An internal investigation left no doubt among State Police brass that Sgt. Joseph Patout and Master Trooper Christopher Treadaway had been out of line when they arrested Brandon Hardeway, an attendant in a private parking lot who insisted the troopers pay a $90 fee to have the boot removed.

The troopers, who had parked in the lot while they ate lunch at Kyoto, a sushi bar on Prytania Street, accused Hardeway of obstructing their official duties, as the booting incident delayed a shopping trip to Office Depot, where they planned to buy supplies for an undercover human-trafficking operation.

Hardeway, who filed a federal civil rights lawsuit against State Police this month, was released from custody only after higher-ranking State Police officials determined he had not broken any laws and that he had been within his rights to boot the troopers’ vehicle.

The internal affairs inquiry concluded that Patout and Treadaway violated a policy that requires troopers to “maintain a competency level sufficient to properly perform (their) duties” and that they showed a “lack of knowledge in the application of laws required to be enforced.”

Patout also was found to have run afoul of a policy forbidding troopers from using their badge “for personal or financial gain,” a finding stemming from his decision to place his State Police placard in the vehicle’s dashboard in an effort to avoid being booted.

Though both troopers broke department rules, the agency disciplined only the higher-ranking Patout.

Lt.

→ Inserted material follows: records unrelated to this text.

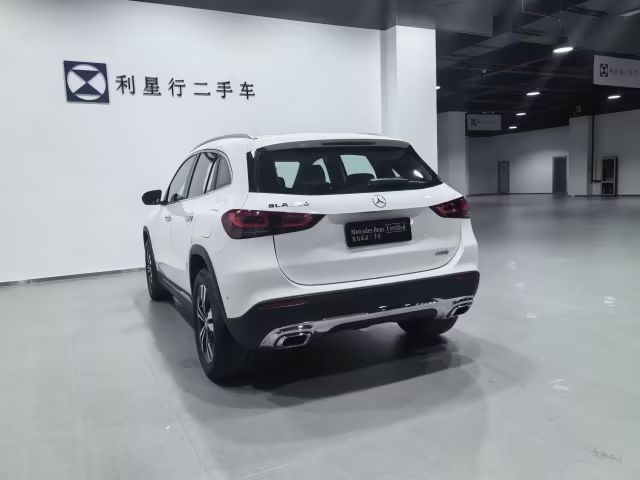 Mercedes-benz GLA 2020 GLA 200 edition - Huishida Trading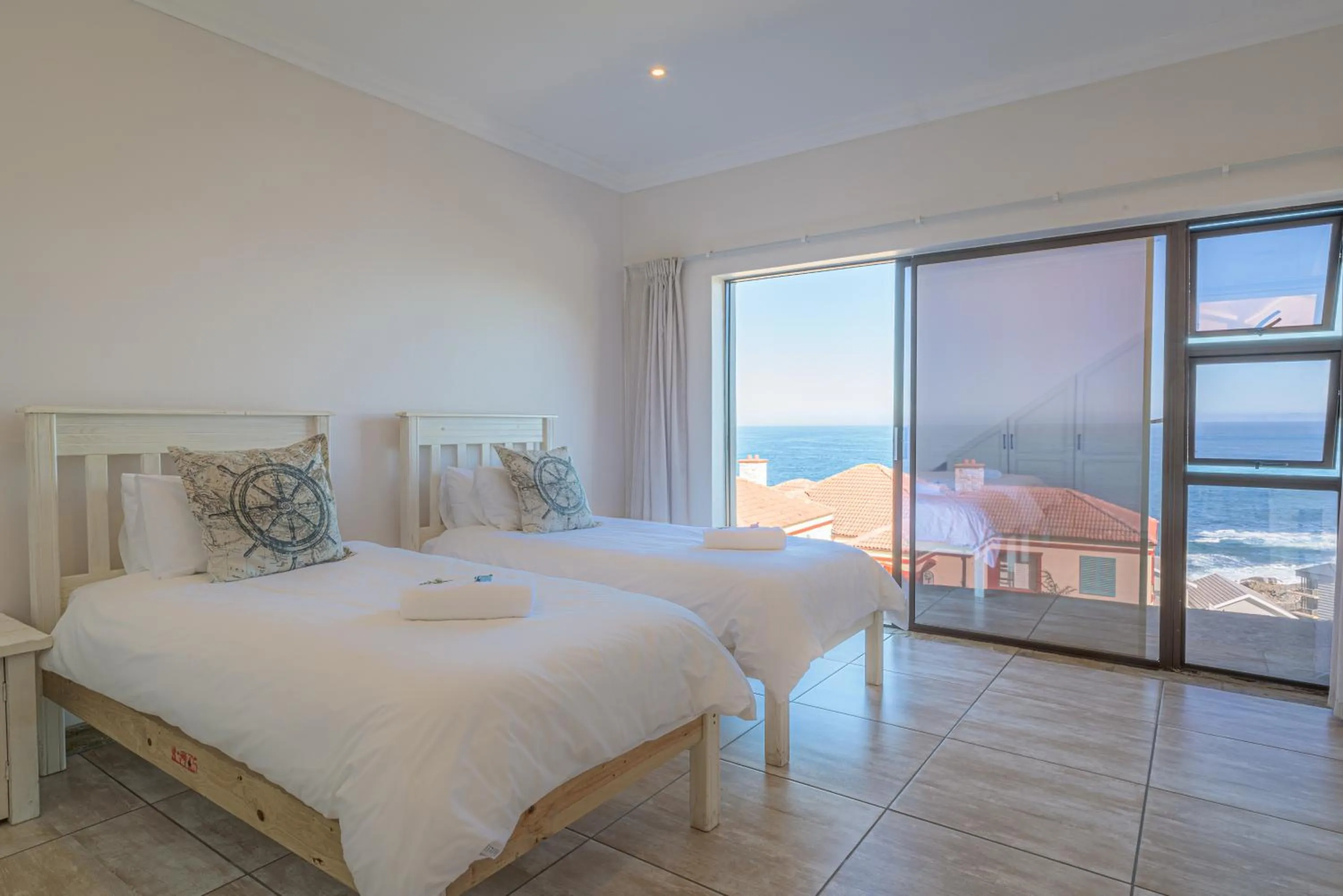 Bedroom, Bed in Fynbos Golf and Country Estate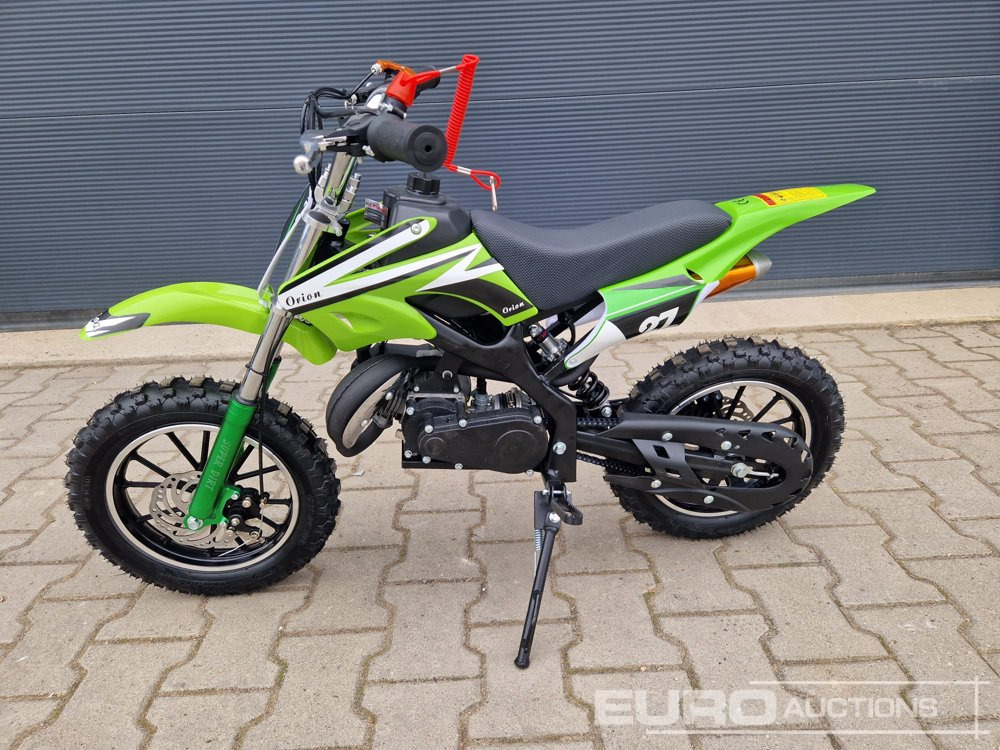 Unused DIRTBIKE 50R-D705 49CC Kids Petrol Motorbike, Automatic - 摩托车:图3 Unused DIRTBIKE 50R-D705 49CC Kids Petrol Motorbike, Automatic - 摩托车:图3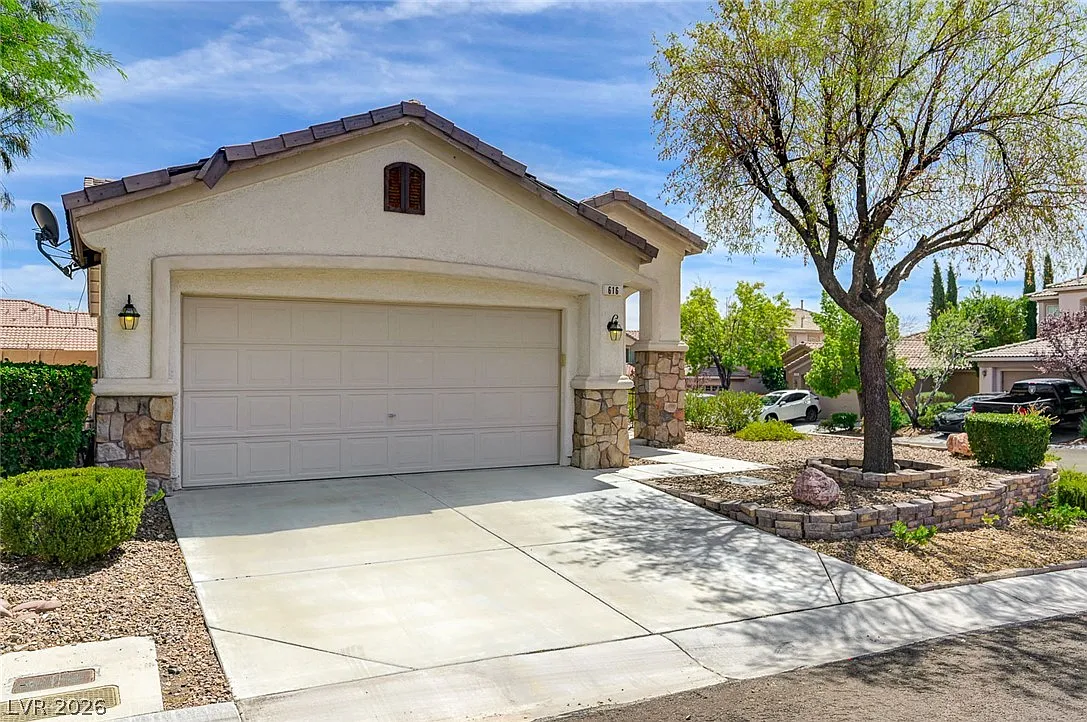 3 bed, 2.0 bath, 1257 sqft, $2,120 — Photo 1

J.B. Slaton, a State Police spokesman, said Treadaway was found to have “reacted” to Patout’s actions in the parking lot.

“As a supervisor, he should have known better,” Slaton said, referring to Patout. “We took this very seriously.”

Asked how Patout avoided suspension, Slaton said the sergeant, in the end, took “full responsibility for the entire incident.”

“Although I believed that my actions were justified at the time, I feel if I had considered other options, I likely would have disputed the boot at a later time,” Patout wrote in his account of the incident, adding that he never used profanity or acted “less than professionally toward Mr. Hardeway.”

Lt. Col. Charles Dupuy, the agency’s deputy superintendent, who initially proposed suspending Patout, warned him that “any future violations of this or any nature may result in more severe discipline, including termination.” Both Patout and Treadaway had previously been disciplined for crashing agency vehicles, according to State Police records.

The parking lot run-in happened on April 5, 2014. Patout and Treadaway had been assigned to a human-trafficking detail in New Orleans connected to a WrestleMania event at the Mercedes-Benz Superdome. The troopers acknowledged parking in a private lot reserved for other businesses, but they said they couldn’t find any open street parking.

Patout, noting Hardeway had not booted an unmarked New Orleans Police Department vehicle in the lot, asked the attendant to “cut (him) some slack” and remove the boot, records show. Hardeway checked with his boss at Premier Parking Enforcement and told the troopers they’d have to pay the $90.

“Mr. Hardeway explained to Sgt. Patout that his company had an agreement with NOPD and they do not boot their police units,” the internal affairs report says.

Several higher-ranking State Police officials arrived at the lot, where Maj. Paul Edmonson ordered that Hardeway be “un-arrested” and removed from the back of a State Police vehicle, the records show.

State Police finally paid the removal fee using investigative expense funds — money Patout was told he had to reimburse, records show.

Hardeway’s boss told investigators that the troopers “would be in for a rude awakening” because the entire incident was recorded on Hardeway’s body camera, according to the 19-page report, which The New Orleans Advocate obtained in response to a public records request. That video was never turned over to State Police, the report says, though it could play a role in Hardeway’s lawsuit.